If you need pain relief, which is typically an important component of osteoarthritis treatment, think long and hard before choosing anti-inflammatory drugs like non-steroidal anti-inflammatories (NSAIDs) and analgesics, like Tylenol. NSAIDs kill some 30,000 people every year due to bleeding ulcers, and the oral drugs have been linked to a host of problems including heart failure -- Vioxx and Celebrex are prime examples of these very real dangers.

There are safer, natural anti-inflammatory alternatives available, including:

  • Boswellia: Also known as boswellin or "Indian frankincense," this Indian herb is one treatment I've found to be particularly useful against arthritic inflammation and associated pain.
  • Hyaluronic acid (HA): Hyaluronic acid is a key component of your cartilage, responsible for moving nutrients into your cells and moving waste out.
  • Astaxanthin: As mentioned above, astaxanthin is one of the most powerful lipophilic antioxidants yet discovered and is the most abundant carotenoid pigment found in crabs, salmon, trout, shrimp, and krill. Studies have found that it can help support joint health and mobility.
  • Eggshell membrane: Elastin, collagen and glycosaminoglycans are three nutrients found in eggshell membranes, which can help support the stability and flexibility of your joints by providing your joints with the building blocks needed to build cartilage.
  • Ginger: This herb is anti-inflammatory and offers pain relief and stomach-settling properties. Fresh ginger works well steeped in boiling water as a tea or grated into vegetable juice.
  • Bromelain: This enzyme, found in pineapples, is a natural anti-inflammatory. It can be taken in supplement form, but eating fresh pineapple may also be helpful.
  • Cetyl myristoleate (CMO): This oil, found in fish and dairy butter, acts as a "joint lubricant" and an anti-inflammatory.

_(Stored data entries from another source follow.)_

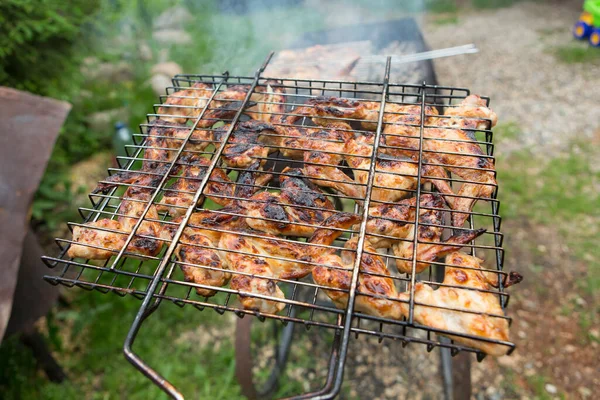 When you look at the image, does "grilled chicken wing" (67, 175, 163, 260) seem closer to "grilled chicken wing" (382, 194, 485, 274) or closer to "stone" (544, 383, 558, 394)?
"grilled chicken wing" (382, 194, 485, 274)

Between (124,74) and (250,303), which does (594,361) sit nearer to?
(250,303)

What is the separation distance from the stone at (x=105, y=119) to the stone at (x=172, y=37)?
4.07 meters

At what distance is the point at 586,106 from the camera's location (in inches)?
311

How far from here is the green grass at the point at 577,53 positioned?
9438 millimetres

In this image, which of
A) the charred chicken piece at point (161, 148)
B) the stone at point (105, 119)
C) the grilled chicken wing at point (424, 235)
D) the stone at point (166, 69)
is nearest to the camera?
the grilled chicken wing at point (424, 235)

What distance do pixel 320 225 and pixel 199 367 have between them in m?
3.04

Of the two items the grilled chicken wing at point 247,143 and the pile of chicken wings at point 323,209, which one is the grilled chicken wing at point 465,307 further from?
the grilled chicken wing at point 247,143

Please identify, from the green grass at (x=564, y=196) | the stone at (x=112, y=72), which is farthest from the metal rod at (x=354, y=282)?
the stone at (x=112, y=72)

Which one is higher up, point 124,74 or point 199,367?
point 124,74

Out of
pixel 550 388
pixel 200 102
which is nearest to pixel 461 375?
pixel 550 388

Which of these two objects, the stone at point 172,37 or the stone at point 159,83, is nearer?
the stone at point 159,83

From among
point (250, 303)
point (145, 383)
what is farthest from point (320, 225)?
point (145, 383)

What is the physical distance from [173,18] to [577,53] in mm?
11107

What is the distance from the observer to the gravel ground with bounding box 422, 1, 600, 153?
294 inches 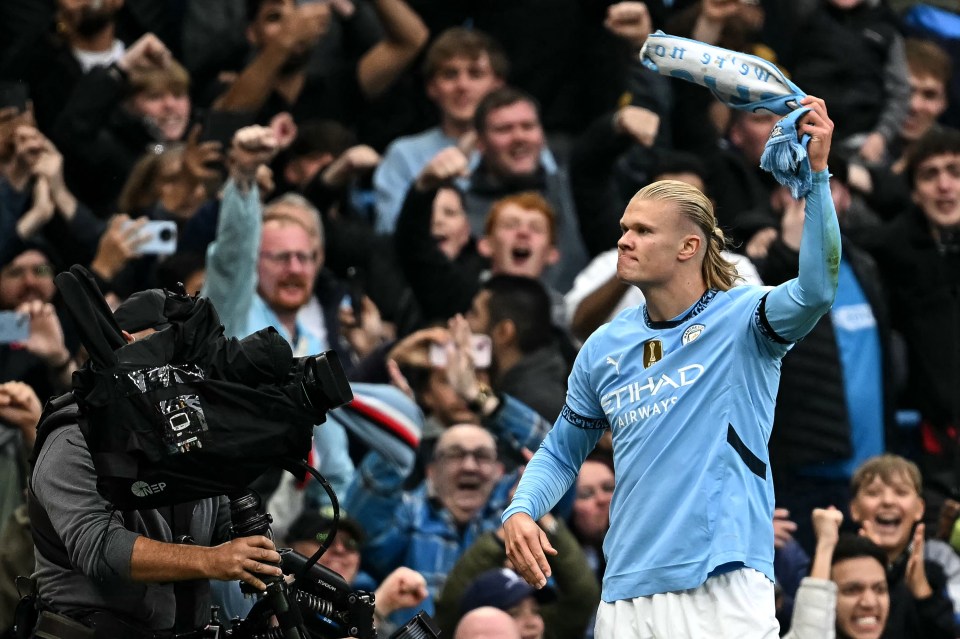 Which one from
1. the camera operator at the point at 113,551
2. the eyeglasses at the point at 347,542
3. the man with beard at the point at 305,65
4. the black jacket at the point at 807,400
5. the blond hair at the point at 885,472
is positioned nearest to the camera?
the camera operator at the point at 113,551

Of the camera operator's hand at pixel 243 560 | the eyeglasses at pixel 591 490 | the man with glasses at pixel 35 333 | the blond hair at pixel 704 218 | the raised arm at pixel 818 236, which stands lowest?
the man with glasses at pixel 35 333

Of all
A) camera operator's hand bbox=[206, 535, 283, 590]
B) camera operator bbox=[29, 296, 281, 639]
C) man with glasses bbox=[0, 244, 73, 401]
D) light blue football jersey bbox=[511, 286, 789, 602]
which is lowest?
man with glasses bbox=[0, 244, 73, 401]

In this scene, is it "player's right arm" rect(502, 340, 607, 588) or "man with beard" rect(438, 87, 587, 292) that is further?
"man with beard" rect(438, 87, 587, 292)

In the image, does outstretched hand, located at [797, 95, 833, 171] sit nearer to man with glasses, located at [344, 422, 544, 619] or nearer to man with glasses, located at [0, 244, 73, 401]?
man with glasses, located at [344, 422, 544, 619]

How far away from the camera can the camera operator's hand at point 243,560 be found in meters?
5.12

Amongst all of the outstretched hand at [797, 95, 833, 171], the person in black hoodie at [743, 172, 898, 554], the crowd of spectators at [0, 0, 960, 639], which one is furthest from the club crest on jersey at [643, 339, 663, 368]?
the person in black hoodie at [743, 172, 898, 554]

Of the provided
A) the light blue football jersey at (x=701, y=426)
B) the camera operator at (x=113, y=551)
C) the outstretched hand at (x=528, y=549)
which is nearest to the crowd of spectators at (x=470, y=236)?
the camera operator at (x=113, y=551)

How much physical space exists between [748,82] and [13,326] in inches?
151

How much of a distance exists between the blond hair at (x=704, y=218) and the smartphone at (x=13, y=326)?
351 centimetres

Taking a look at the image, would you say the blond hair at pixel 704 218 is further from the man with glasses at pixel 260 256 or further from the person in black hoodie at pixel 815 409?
the person in black hoodie at pixel 815 409

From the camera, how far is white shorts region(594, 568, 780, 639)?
5.08m

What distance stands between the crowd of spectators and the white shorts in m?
1.61

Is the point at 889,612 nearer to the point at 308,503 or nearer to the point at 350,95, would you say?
the point at 308,503

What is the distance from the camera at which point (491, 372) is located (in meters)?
8.99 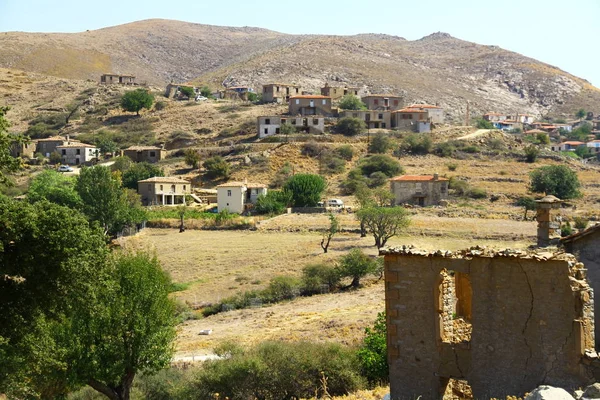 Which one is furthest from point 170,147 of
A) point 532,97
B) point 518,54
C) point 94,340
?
point 518,54

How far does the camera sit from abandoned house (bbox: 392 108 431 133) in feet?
313

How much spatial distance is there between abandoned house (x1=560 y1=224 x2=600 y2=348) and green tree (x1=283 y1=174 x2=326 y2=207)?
48.8 metres

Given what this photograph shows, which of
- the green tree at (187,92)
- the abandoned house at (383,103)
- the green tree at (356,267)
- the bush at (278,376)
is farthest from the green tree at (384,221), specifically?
the green tree at (187,92)

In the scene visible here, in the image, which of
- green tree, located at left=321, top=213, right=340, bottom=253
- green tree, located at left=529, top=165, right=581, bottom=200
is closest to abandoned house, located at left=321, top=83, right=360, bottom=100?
green tree, located at left=529, top=165, right=581, bottom=200

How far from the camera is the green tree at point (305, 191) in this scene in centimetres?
6575

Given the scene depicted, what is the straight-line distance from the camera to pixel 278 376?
20312 mm

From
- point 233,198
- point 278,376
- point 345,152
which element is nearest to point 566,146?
point 345,152

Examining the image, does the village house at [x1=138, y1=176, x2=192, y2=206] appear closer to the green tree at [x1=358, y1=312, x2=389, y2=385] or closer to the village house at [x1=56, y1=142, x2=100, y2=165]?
the village house at [x1=56, y1=142, x2=100, y2=165]

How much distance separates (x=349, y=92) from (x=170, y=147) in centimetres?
2760

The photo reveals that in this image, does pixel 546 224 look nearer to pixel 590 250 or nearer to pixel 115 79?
pixel 590 250

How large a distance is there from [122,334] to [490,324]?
9.18m

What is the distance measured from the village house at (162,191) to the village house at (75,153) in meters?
20.2

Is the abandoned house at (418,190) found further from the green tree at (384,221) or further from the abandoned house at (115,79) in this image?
the abandoned house at (115,79)

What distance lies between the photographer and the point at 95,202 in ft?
192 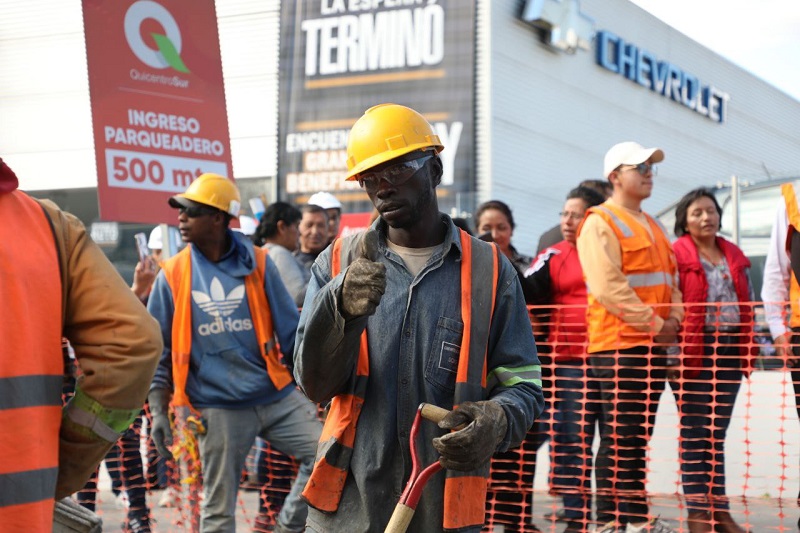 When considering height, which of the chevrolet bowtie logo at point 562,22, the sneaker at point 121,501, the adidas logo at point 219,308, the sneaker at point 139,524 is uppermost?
the chevrolet bowtie logo at point 562,22

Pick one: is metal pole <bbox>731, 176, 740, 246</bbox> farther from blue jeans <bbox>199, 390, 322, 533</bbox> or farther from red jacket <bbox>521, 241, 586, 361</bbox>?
blue jeans <bbox>199, 390, 322, 533</bbox>

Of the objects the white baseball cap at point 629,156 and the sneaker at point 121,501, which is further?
the sneaker at point 121,501

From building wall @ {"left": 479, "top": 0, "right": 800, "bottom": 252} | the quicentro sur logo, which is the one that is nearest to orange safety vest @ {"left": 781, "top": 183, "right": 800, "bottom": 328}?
the quicentro sur logo

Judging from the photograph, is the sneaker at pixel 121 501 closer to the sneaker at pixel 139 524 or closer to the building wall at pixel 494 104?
the sneaker at pixel 139 524

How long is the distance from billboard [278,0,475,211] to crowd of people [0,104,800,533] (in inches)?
401

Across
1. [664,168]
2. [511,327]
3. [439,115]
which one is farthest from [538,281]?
[664,168]

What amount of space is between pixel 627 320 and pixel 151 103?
11.7 ft

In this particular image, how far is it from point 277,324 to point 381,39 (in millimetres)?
14694

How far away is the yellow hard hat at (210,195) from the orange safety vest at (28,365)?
3.23 meters

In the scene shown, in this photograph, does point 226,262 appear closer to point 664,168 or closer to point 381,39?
point 381,39

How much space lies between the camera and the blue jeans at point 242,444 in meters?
5.65

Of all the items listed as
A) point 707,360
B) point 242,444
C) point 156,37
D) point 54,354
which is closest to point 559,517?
point 707,360

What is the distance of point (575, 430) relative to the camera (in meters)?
6.76

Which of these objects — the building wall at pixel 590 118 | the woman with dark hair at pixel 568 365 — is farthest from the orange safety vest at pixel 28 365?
the building wall at pixel 590 118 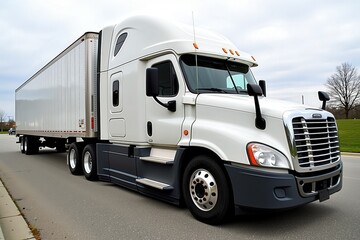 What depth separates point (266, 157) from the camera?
13.1 ft

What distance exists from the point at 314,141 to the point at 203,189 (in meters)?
1.67

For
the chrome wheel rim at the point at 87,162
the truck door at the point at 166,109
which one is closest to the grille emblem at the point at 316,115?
the truck door at the point at 166,109

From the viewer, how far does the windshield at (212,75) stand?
5.18 metres

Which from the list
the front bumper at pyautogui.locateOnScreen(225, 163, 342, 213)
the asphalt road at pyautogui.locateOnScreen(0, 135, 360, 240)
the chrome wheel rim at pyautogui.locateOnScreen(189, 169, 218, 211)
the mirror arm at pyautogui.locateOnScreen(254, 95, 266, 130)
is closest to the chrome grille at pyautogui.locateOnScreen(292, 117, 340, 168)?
the front bumper at pyautogui.locateOnScreen(225, 163, 342, 213)

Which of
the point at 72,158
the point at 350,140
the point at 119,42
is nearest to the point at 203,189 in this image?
the point at 119,42

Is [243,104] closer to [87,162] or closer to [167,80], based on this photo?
[167,80]

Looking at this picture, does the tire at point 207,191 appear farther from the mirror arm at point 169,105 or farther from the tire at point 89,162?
the tire at point 89,162

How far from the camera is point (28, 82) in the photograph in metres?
15.6

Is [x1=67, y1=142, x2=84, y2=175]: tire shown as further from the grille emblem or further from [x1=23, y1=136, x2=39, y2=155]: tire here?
[x1=23, y1=136, x2=39, y2=155]: tire

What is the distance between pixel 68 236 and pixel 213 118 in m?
2.59

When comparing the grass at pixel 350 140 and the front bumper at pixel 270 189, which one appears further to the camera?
the grass at pixel 350 140

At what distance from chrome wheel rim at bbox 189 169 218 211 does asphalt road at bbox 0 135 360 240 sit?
0.98 feet

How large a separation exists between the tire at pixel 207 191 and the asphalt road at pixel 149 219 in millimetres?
171

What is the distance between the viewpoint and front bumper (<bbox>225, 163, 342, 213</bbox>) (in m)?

  • Evening primrose, black currant and borage oils: These contain the essential fatty acid gamma linolenic acid (GLA), which is useful for treating arthritic pain. It is reasonable for many to take these as a supplement, particularly if you struggle with dry skin in the winter, as this is a strong indicator that you are deficient in these fats. I prefer the use of GLA supplements from evening primrose oil but borage oil contains a higher concentration of GLA, which means you need fewer capsules, and it tends to be less expensive.
  • Cayenne Cream: Also called capsaicin cream, this spice comes from dried hot peppers. It alleviates pain by depleting the body's supply of substance P, a chemical component of nerve cells that transmits pain signals to your brain.